- WORK INSTRUCTION -
Transcribe only the stretch of lines that opens with the line containing "Bed in The Mou Hotel" and closes with the last line of the listing, skipping pictures.

== SOURCE DATA

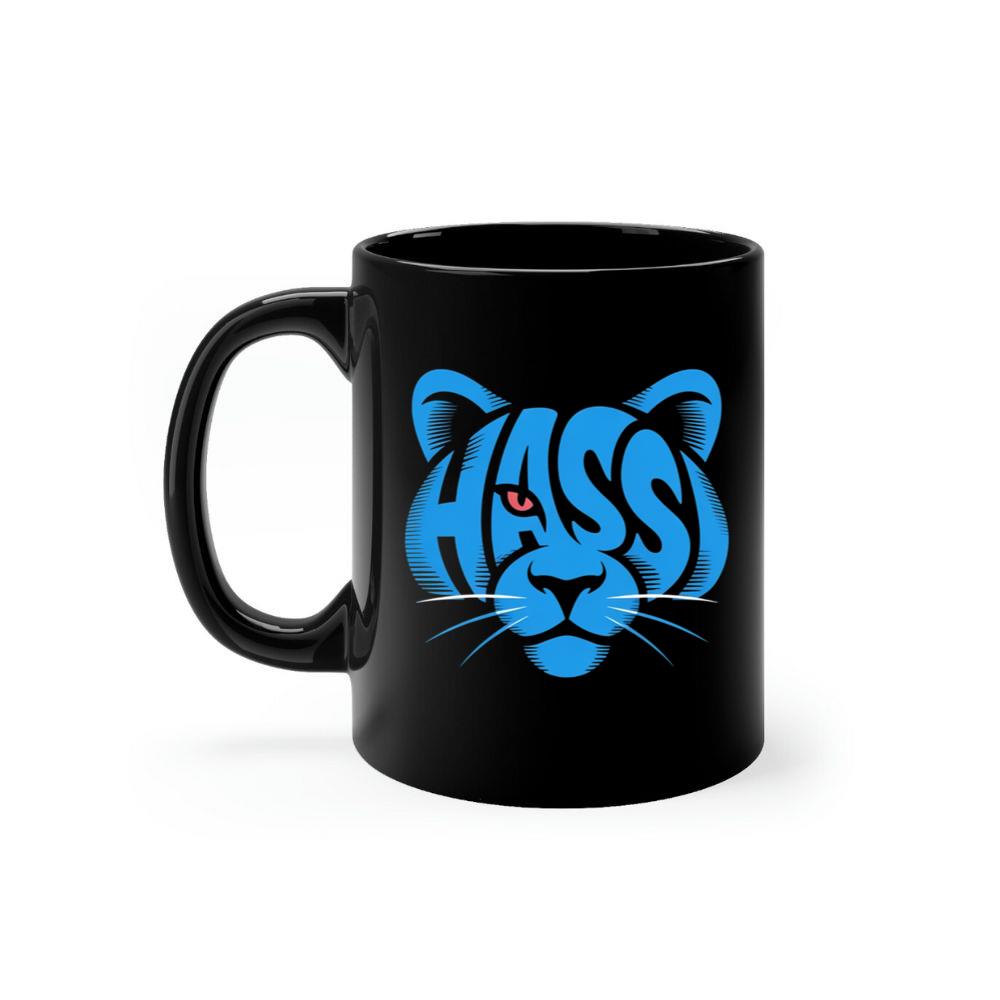 Hass Blue Panther Retro Animal Graphic Mug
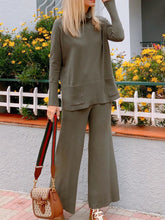 Load image into Gallery viewer, Casual Loose Turtleneck Long-Sleeved Two-Piece Suit
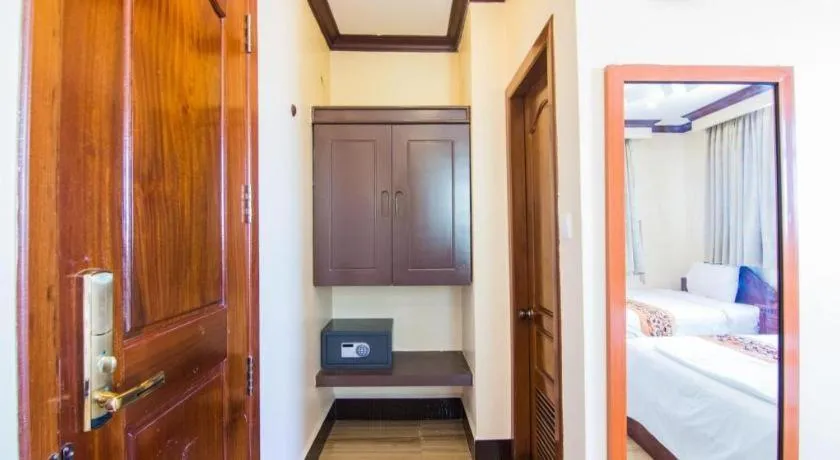 Bed in The Mou Hotel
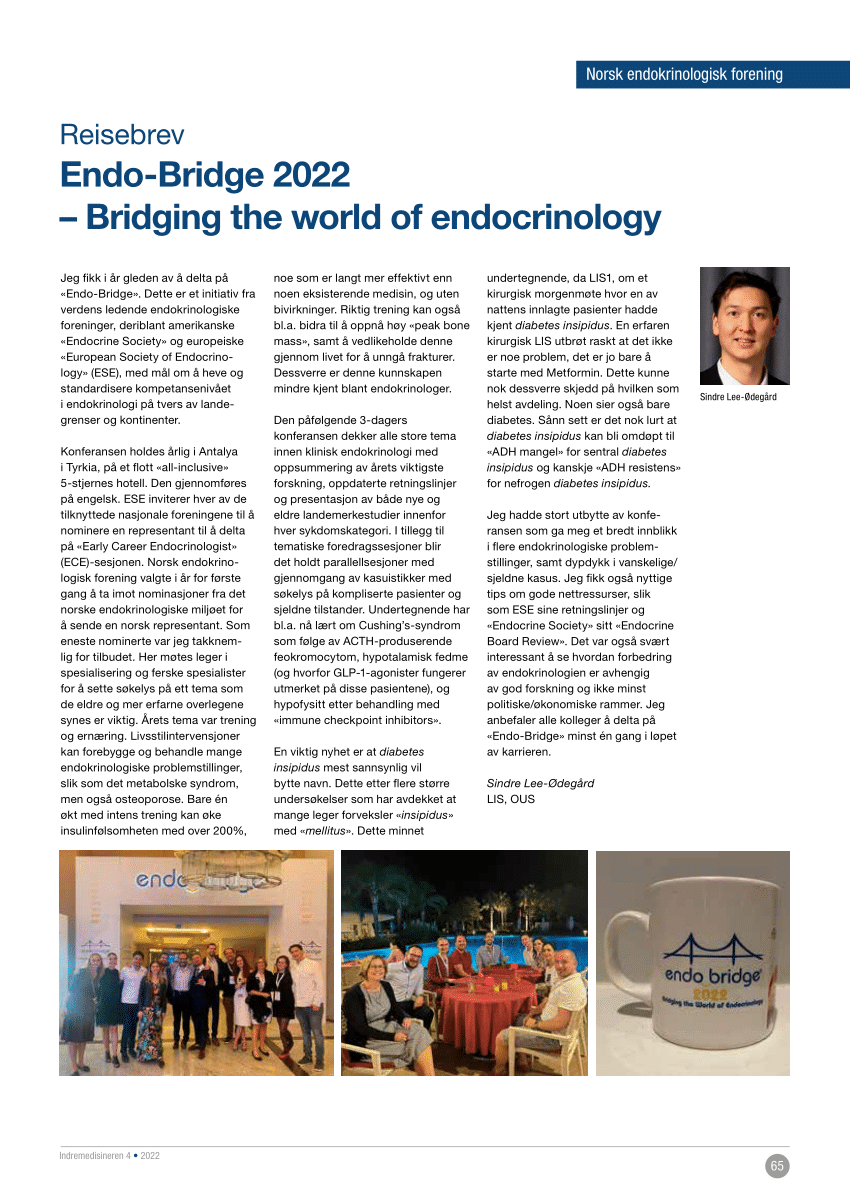 (PDF) EndoBridge 2022 Bridging the world of endocrinology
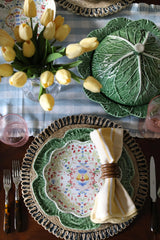 Bordallo Pinheiro Cabbage Dinner Plate - Portuguese Earthenware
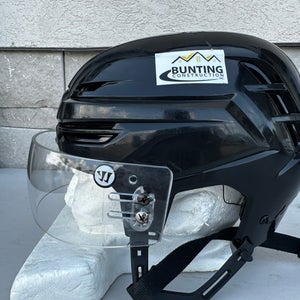 Warrior Alpha One Pro Hockey Helmet Pro Stock One Size Black Visor Combo 213642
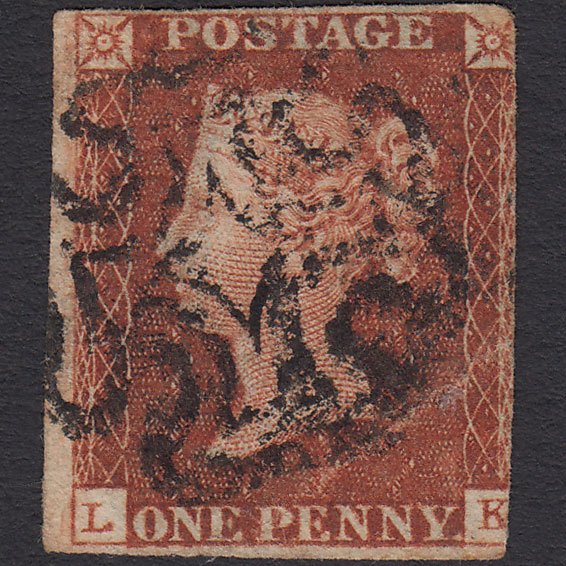 GB QV 1841 1d Red-brown (Plate 15) SG8-B1(1) LK PU 3 Margins Maltese Cross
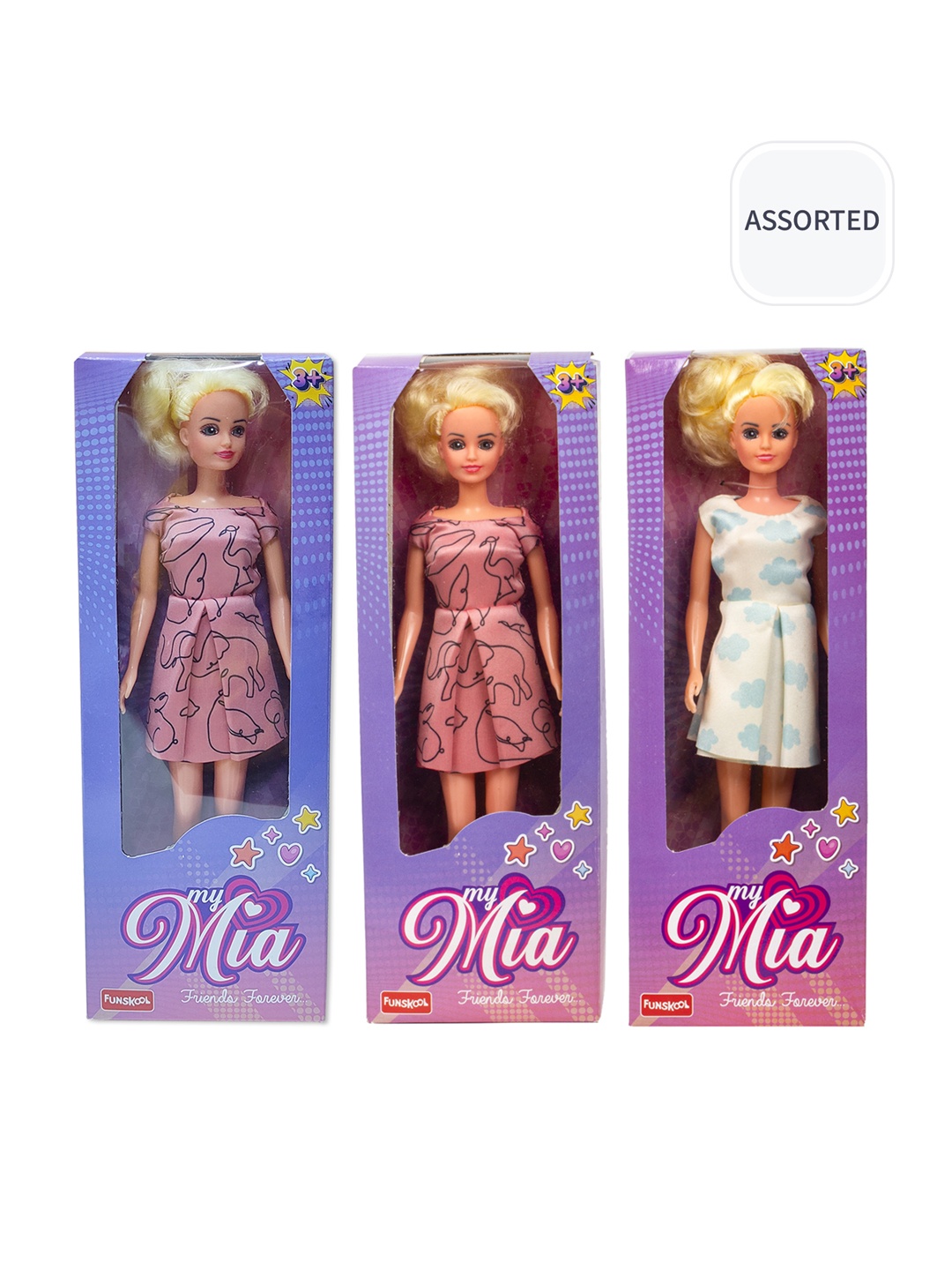

Funskool White & Blue My Mia Doll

====

- RESPONSE AREA -
 Bed in The Mou Hotel
 (PDF) EndoBridge 2022 Bridging the world of endocrinology
 Bordallo Pinheiro Cabbage Dinner Plate - Portuguese Earthenware
 Warrior Alpha One Pro Hockey Helmet Pro Stock One Size Black Visor Combo 213642
 GB QV 1841 1d Red-brown (Plate 15) SG8-B1(1) LK PU 3 Margins Maltese Cross

Funskool White & Blue My Mia Doll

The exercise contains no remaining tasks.